Accessing Datahub Analytics Data from MySQL and Elasticsearch on Kubernetes Deployment

Original Slack Thread

How do I connect to the internal datahub analytics database (I think it’s MySQL) on a kubernetes deployment?

Hey there! :wave: Make sure your message includes the following information if relevant, so we can help more effectively!

  1. Which DataHub version are you using? (e.g. 0.12.0)
  2. Please post any relevant error logs on the thread!

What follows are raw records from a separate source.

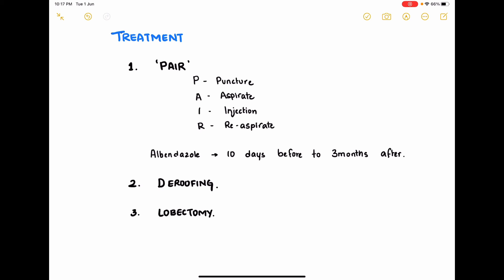In adjunction to the PAIR technique, albendazole is given from 10 days before the procedure to about 3 months after the procedure. If there are any leakages of scolices into the abdominal cavity, the albendazole therapy may be extended for up to 6 months after the procedure.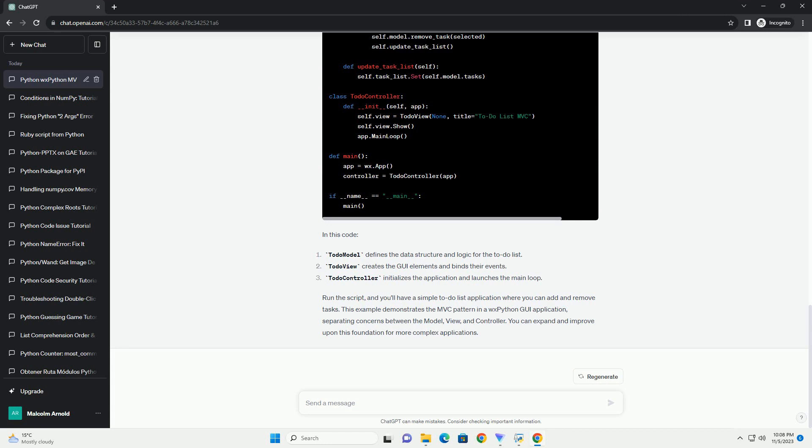these are Python bindings for the Qt framework. They offer a wide range of features and are suitable for both small and large applications. Kivy is a Python library for creating multi-touch applications. It's great for creating cross-platform applications with touch interfaces.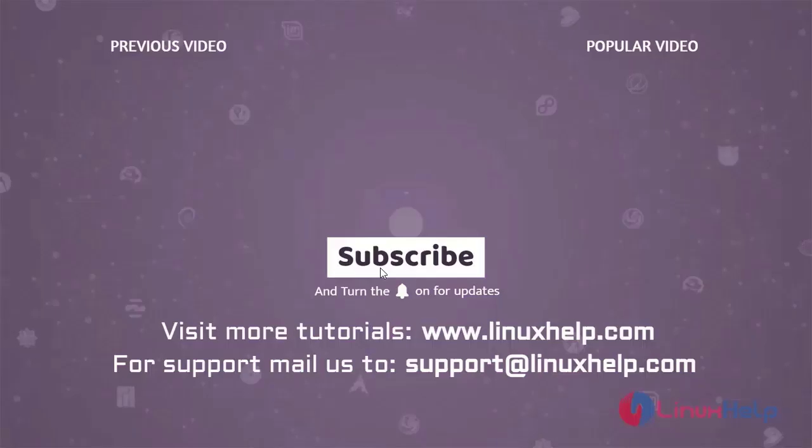Thank you for watching this video and if you like it please subscribe to our channel. To learn more tutorials visit www.linuxhelp.com and if you have any queries mail us to support at linuxhelp.com.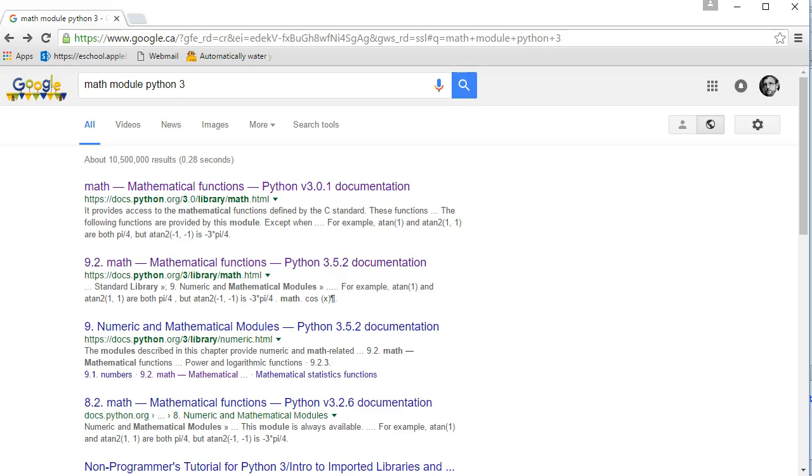Hello. In this video, we are going to take a look at how to use the math functions contained within the math module.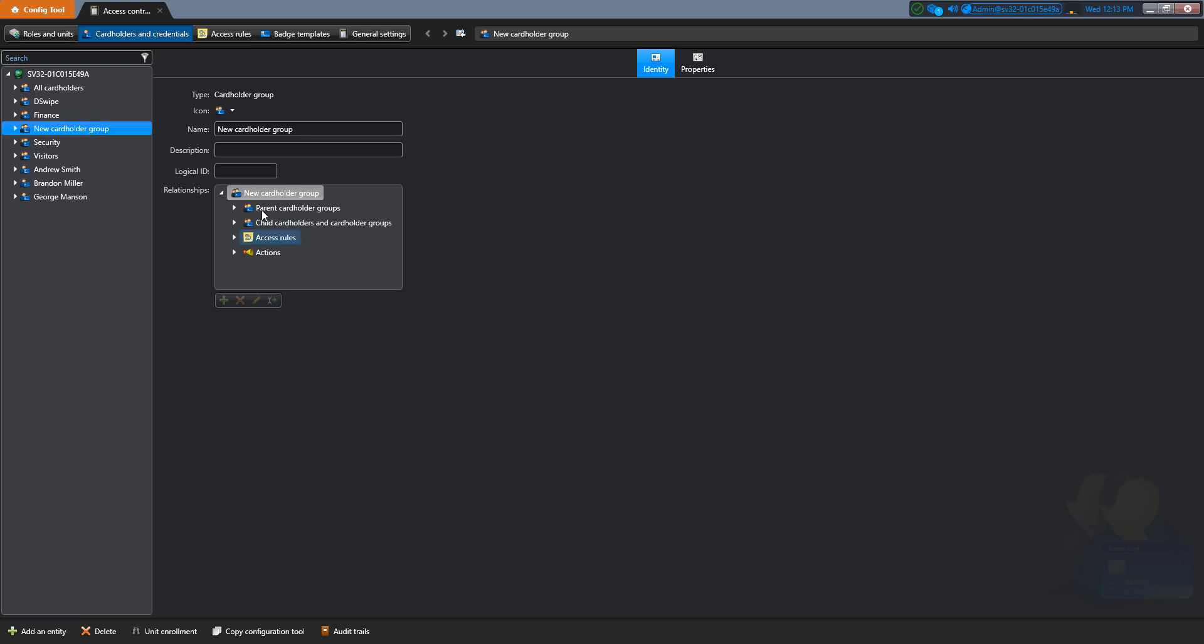Now you have an opportunity to change the name. On our example, we're going to change it to Security. And click on Apply.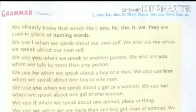For example: You are a nice man. You are good students.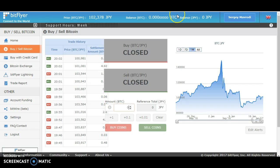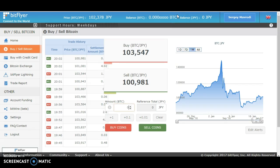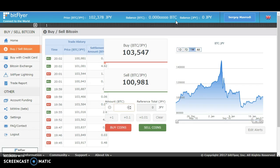After processing the sell coins, your Japanese yen will be automatically shown on your balance portion. Selling your bitcoins will allow you to convert your funds from bitcoins into Japanese yen. That's how you sell bitcoins on your Bitfire account.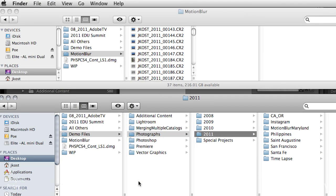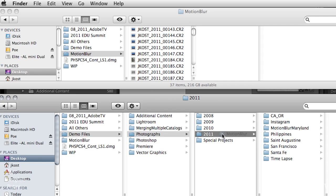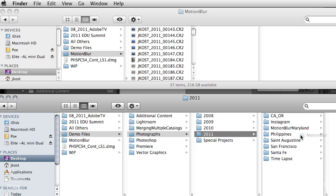Sometimes after a photo shoot, you want to add additional images to a folder. In this case, I've got a folder called Motion Blur, and I want to put it into my 2011 folder, inside my Philippines folder.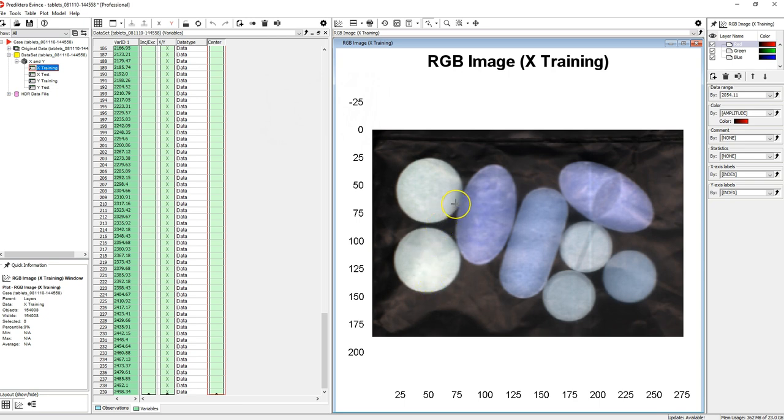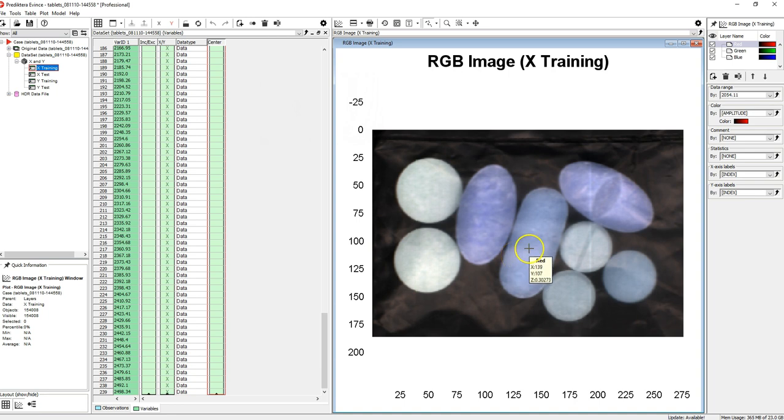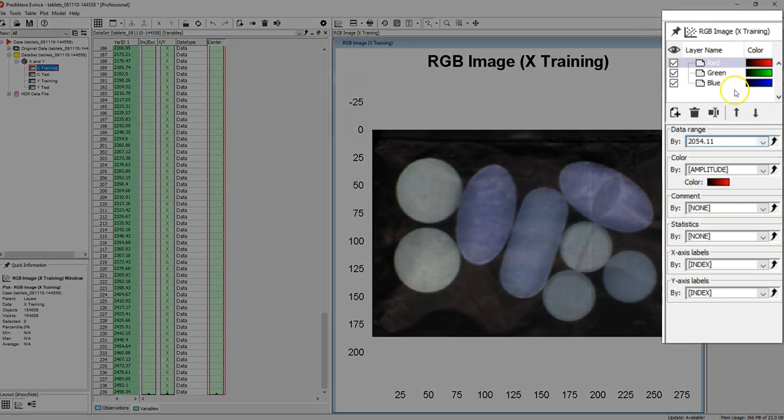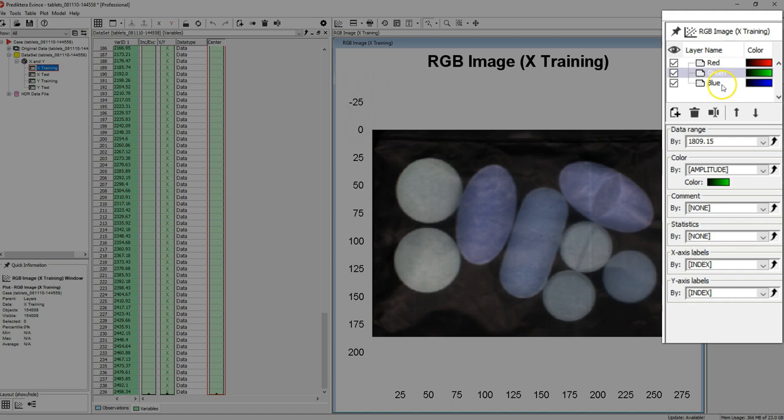You will now get an image that is a visualization of your imported image file as a pseudo RGB image based on three spectral channels. In the settings menu on the right you can see the default spectral bands used for red, green and blue color.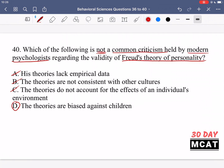Option D — the theories are biased against children — is NOT a common criticism that psychologists hold against Freud's theory of personality. His theories actually describe development and the different stages people go through as they grow up, with heavy involvement of childhood experiences. Nobody says it's biased against children — it's actually a key part of his theory. Therefore, option D is not a common criticism, making it the correct answer for question 40.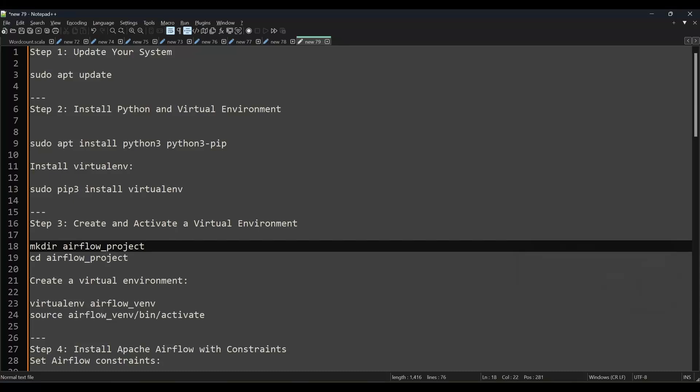Hi, welcome to Data Tech. Today we are going to discuss how to install Airflow on Linux. I have shared my playlist link for Airflow in the description box, where you can find all the Airflow videos. Before you come to this video, I highly recommend you first watch the Airflow introduction video. I've also made a video for how to install this on Windows, which is available in the playlist.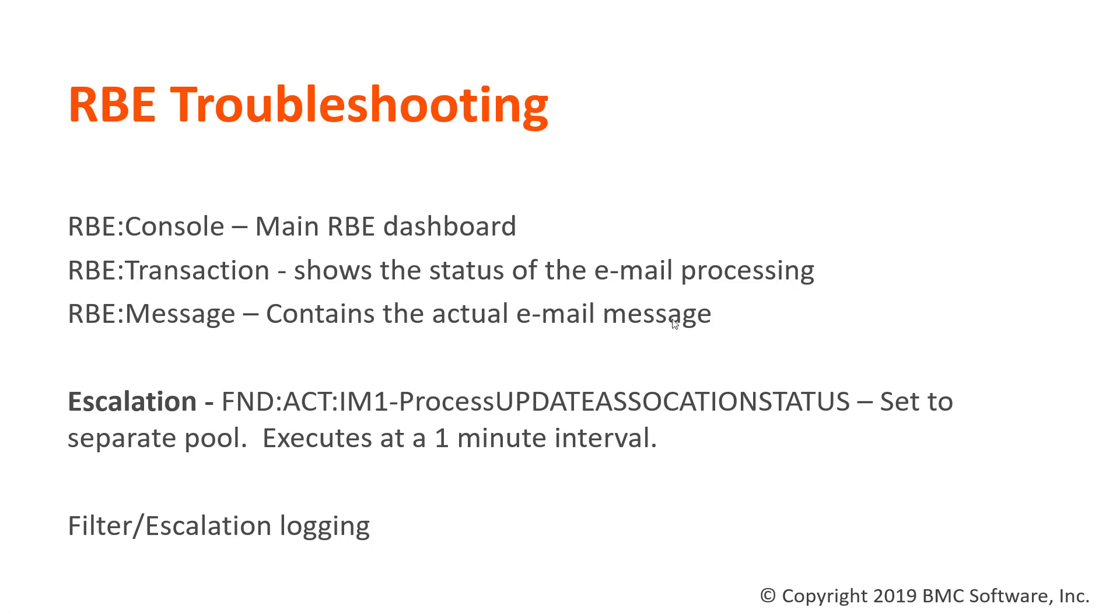If you see the email coming in and it shows up on the RBE message form but isn't processing, you can take a look at the escalation listed here. You may want to check the escalation log to see if it's firing every minute. If it's not, you may want to think about separating that into a separate pool.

There is not a database specific for analytics. If using the helm chart prerequisites the mysql database is called prerequisites-mysql with standard port 3306 and the credentials are in a k8 secret if not overridden called mysql-secrets. Connecting to the database can be done using port forwarding using kubectl commands: https://kubernetes.io/docs/tasks/access-application-cluster/port-forward-access-application-cluster/

<@U03MF8MU5P0> thanks! we will try this out as we use helm. I presume there is only one database and looks to be called datahub? Is there some documentation on the database schema and table structure so we know what each schema contains?

There is one database and a single table. The schema DDL is located in this file for mysql for example: https://github.com/datahub-project/datahub/blob/master/docker/mysql-setup/init.sql#L6

so the analytics lie somewhere within here?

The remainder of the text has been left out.